## DATA EXCERPT
== Segment start ==
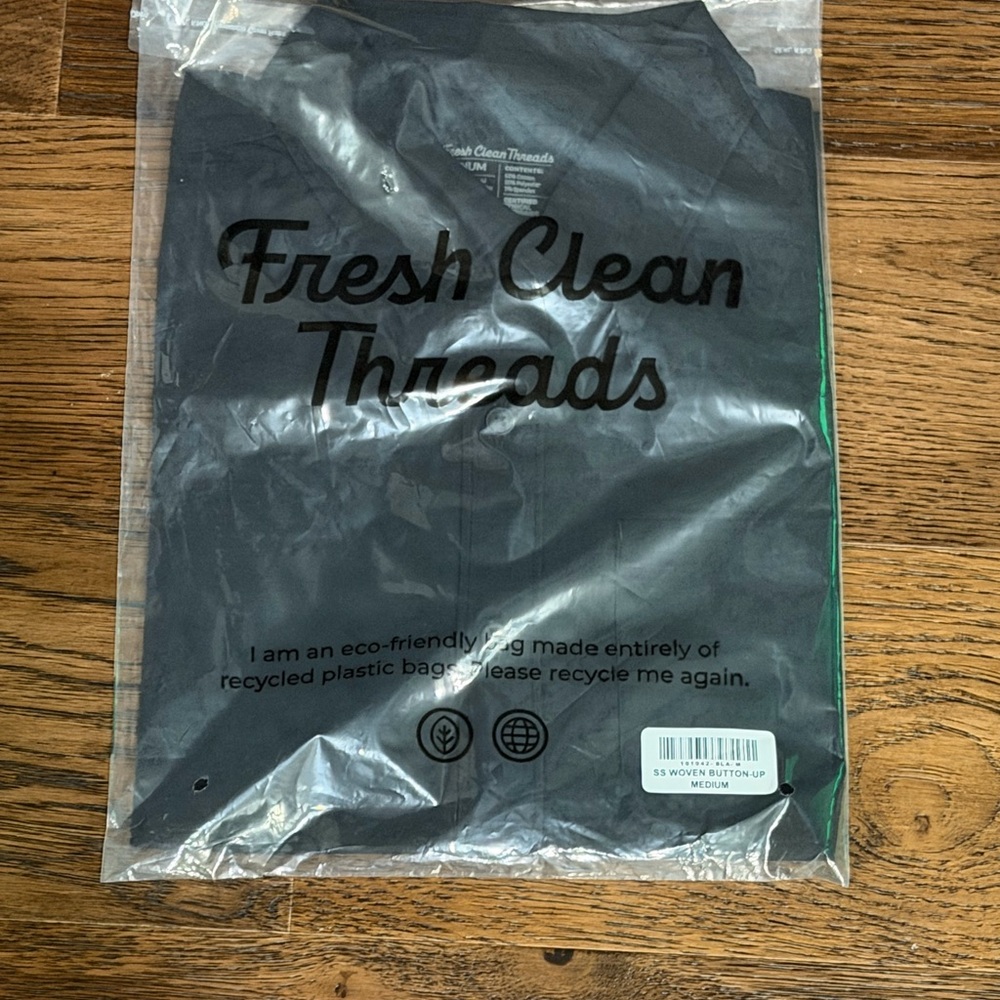 Fresh Clean Threads Black woven Shirt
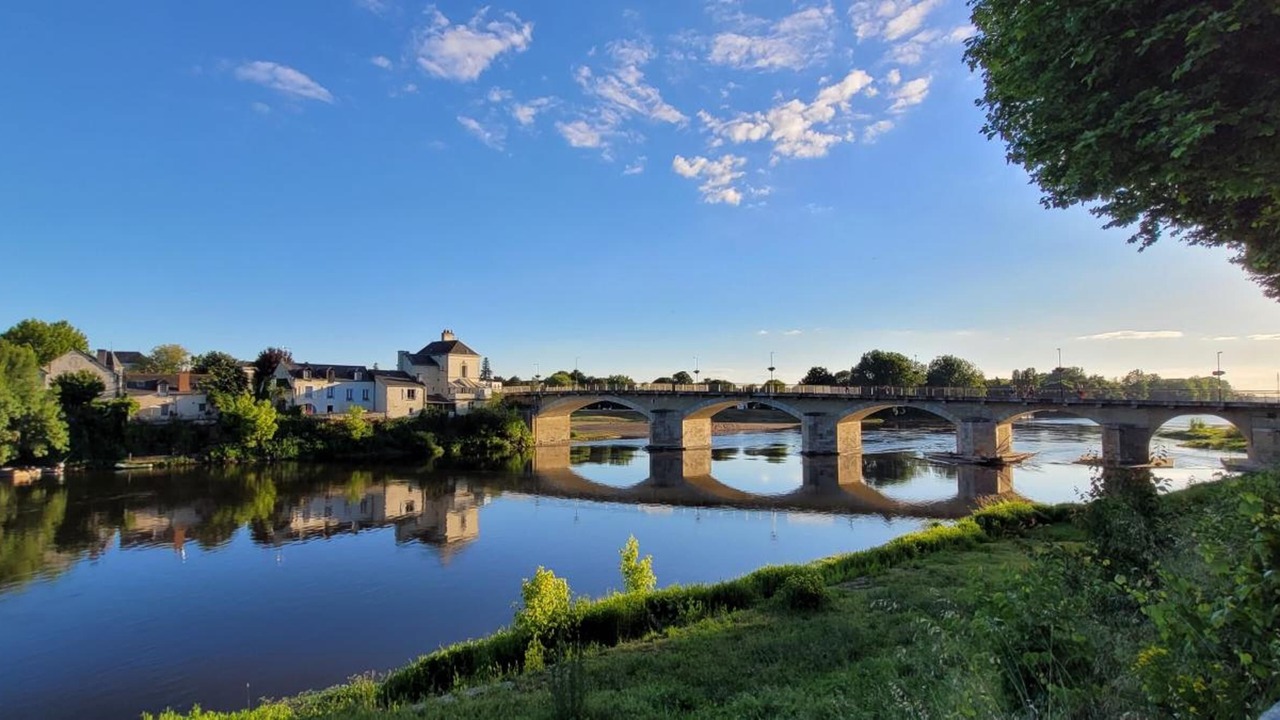 Photo of Others in Chinon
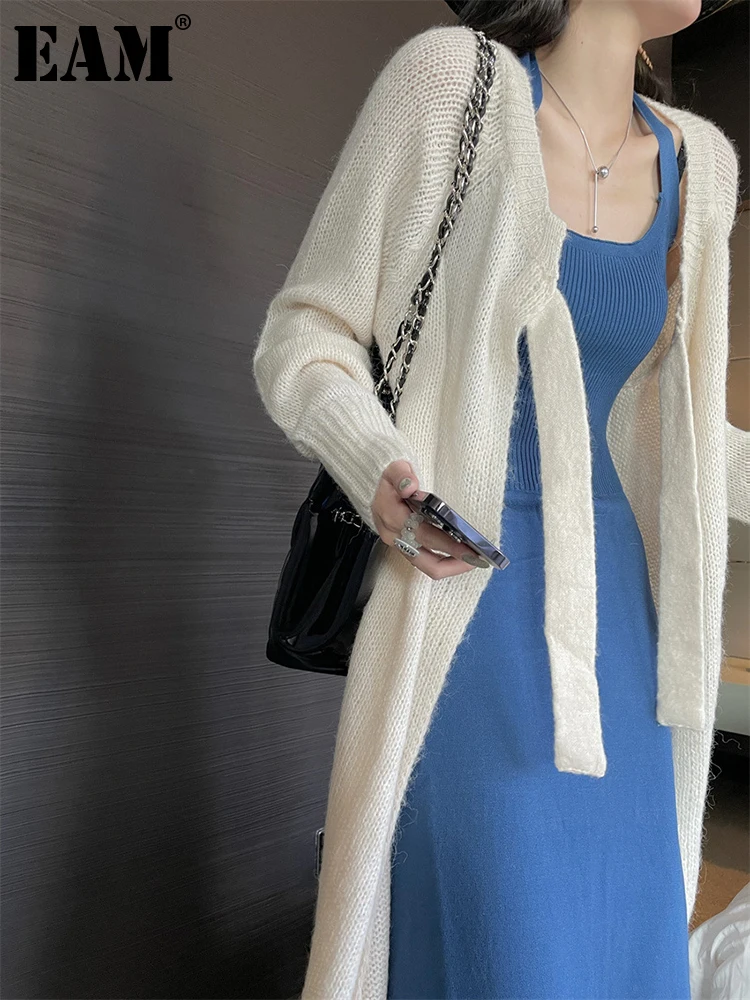 

[EAM] Apricot Big Size Knitting Cardigan Sweater Loose Fit V-Neck Long Sleeve Women New Fashion Tide Spring Autumn 2023 1DH0206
== Segment end ==
## WHAT IS BEING ASKED
Please give again, word for word, the lines from the one containing "Photo of Others in Chinon" through the last line of the listing above, inclusive, and leave out pictures.

## PROBLEM SOLUTION
 Photo of Others in Chinon

[EAM] Apricot Big Size Knitting Cardigan Sweater Loose Fit V-Neck Long Sleeve Women New Fashion Tide Spring Autumn 2023 1DH0206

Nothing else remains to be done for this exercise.